Panetta thinks he's winning the war in Afghanistan. He's wrong.

Afghanistan, Kabul: US Secretary of Defense Leon Panetta (L) and Afghanistan President Harmid Karzai, during their joint press conference at the Presidential Palace in Kabul, Afghanistan, on December, 14, 2011. (AFP Photo/Pablo Martinez Monsivais/POOL)
As President Obama saluted American soldiers coming home from Iraq this week, Defense Secretary Leon Panetta lied through his teeth to troops, insisting that the war in Afghanistan is moving “in the right direction.”

Those were the words that the chief of the Pentagon said on Wednesday from a US base in Pakika province near the Afghanistan’s border with Pakistan. “We're winning this very tough conflict," added Panetta.

On the contrary, NATO statistics reveal that there has been a 21 percent increase in enemy attacks in the eastern portion of Afghanistan alone as of late. Figures from the United Nations also show a peak in violence overseas in 2011.

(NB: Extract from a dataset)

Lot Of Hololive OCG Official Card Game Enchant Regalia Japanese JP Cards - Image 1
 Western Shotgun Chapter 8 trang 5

The US is slated to remove 23,000 of the 91,000 or so troops from Afghanistan by 12 months from now, which while a substantial start to a drawdown, will cause unprotected troops to be more susceptible to enemy attacks.

More than ten years after the US first put boots on the ground in Afghanistan, Panetta told those soldiers that current operations have the American cause moving in the right direction and a victory for the US is imminent. Despite his alleged optimism, that end might not be as near as he leads troops to believe.

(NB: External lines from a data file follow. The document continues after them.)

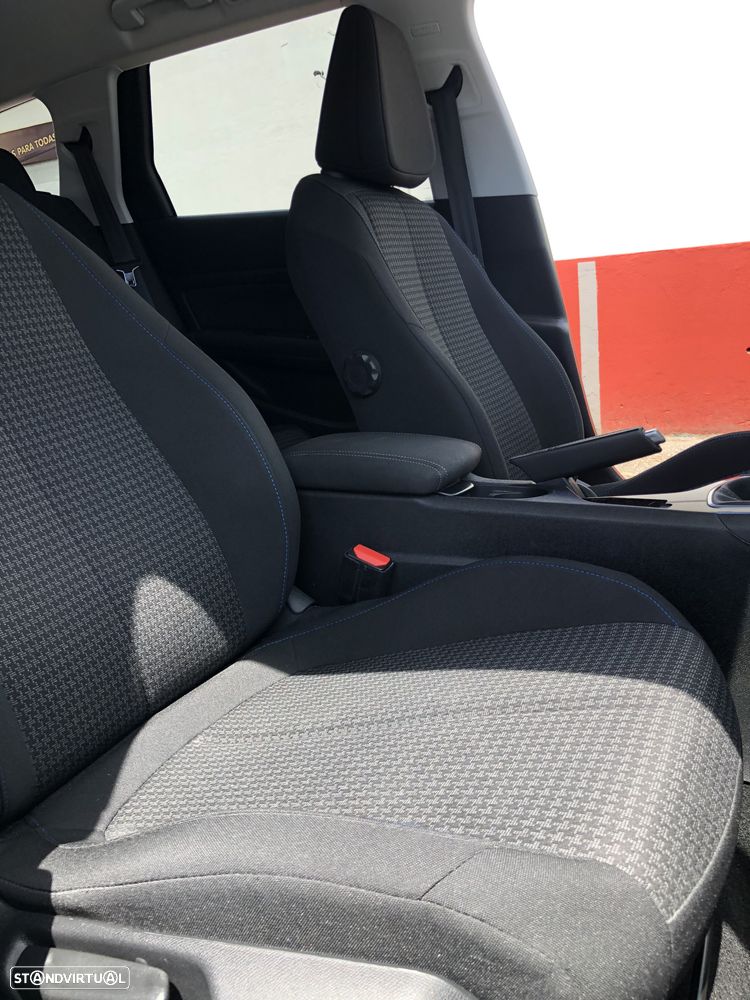 Peugeot 308 SW 1.5 BlueHDi Style - 9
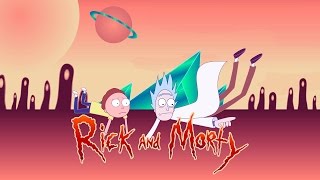 Rick and Morty S01E07 Raising Gazorpazorp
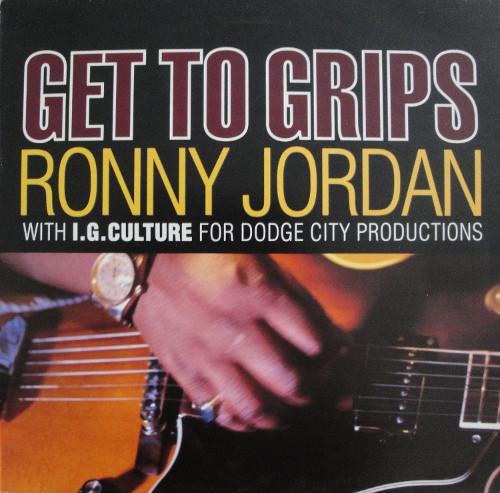 Ronny Jordan - Get To Grips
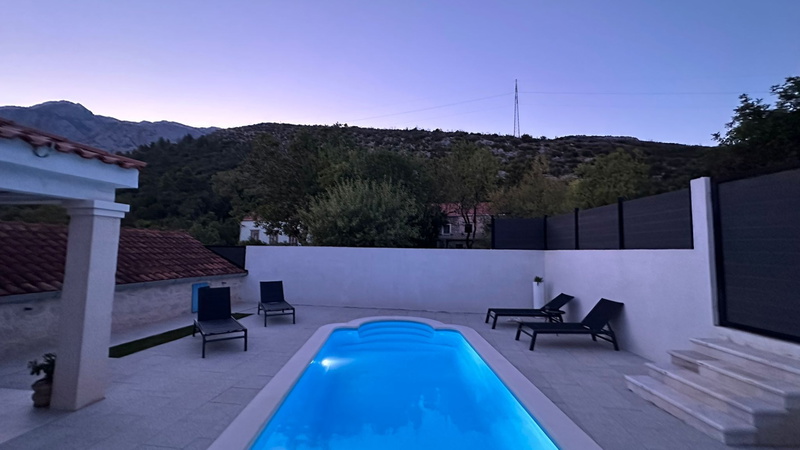 Villa Mendula -Orebić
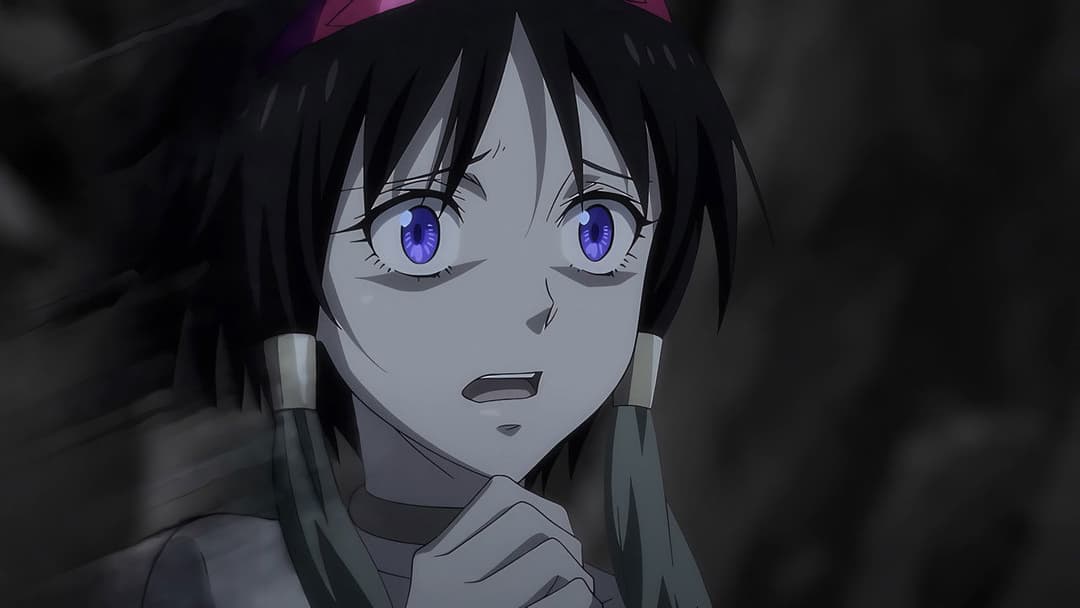 That Time I Got Reincarnated as a Slime the Movie: Scarlet Bond backdrop 3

The Washington Post reports that one soldier quizzed General Panetta on his statements Wednesday, asking him, “If the Afghan government falls apart after we leave here, are we going to have to come back in 10 years to pick up the pieces?”

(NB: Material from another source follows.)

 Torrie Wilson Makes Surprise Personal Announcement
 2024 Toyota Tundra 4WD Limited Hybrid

“The answer to your question is: We are not going to walk away,” responded Panetta.

"This has been a difficult and complicated relationship as all of you know, but it is an important relationship, and it is one that we have to continue to work at," said the commander.

“My hope is that we maintain a long-term relationship with Afghanistan, that we don’t just simply pick up and get out,” added Panetta on Wednesday. “We spilled too much blood here.”

Only four months earlier, former commander of American troops Stanley McChrystal said that the War on Terror was only “a little better than” half way over.

“We didn't know enough and we still don't know enough," the now-retired general told the Council of Foreign Affairs in Washington back in October.

Two months earlier, August 2011 marked the bloodiest month for US troops since the war began a decade earlier. The tally of troops killed overseas topped off at 66 by the end of the month, just bypassing the previous record of 65 set back in July 2010. So far in this year, 409 Americans have died, marking the second highest tally since the skirmishes started in 2001. With two weeks left in December, only a few dozen more casualties will make 2011 the worst year ever for American soldiers in Afghanistan.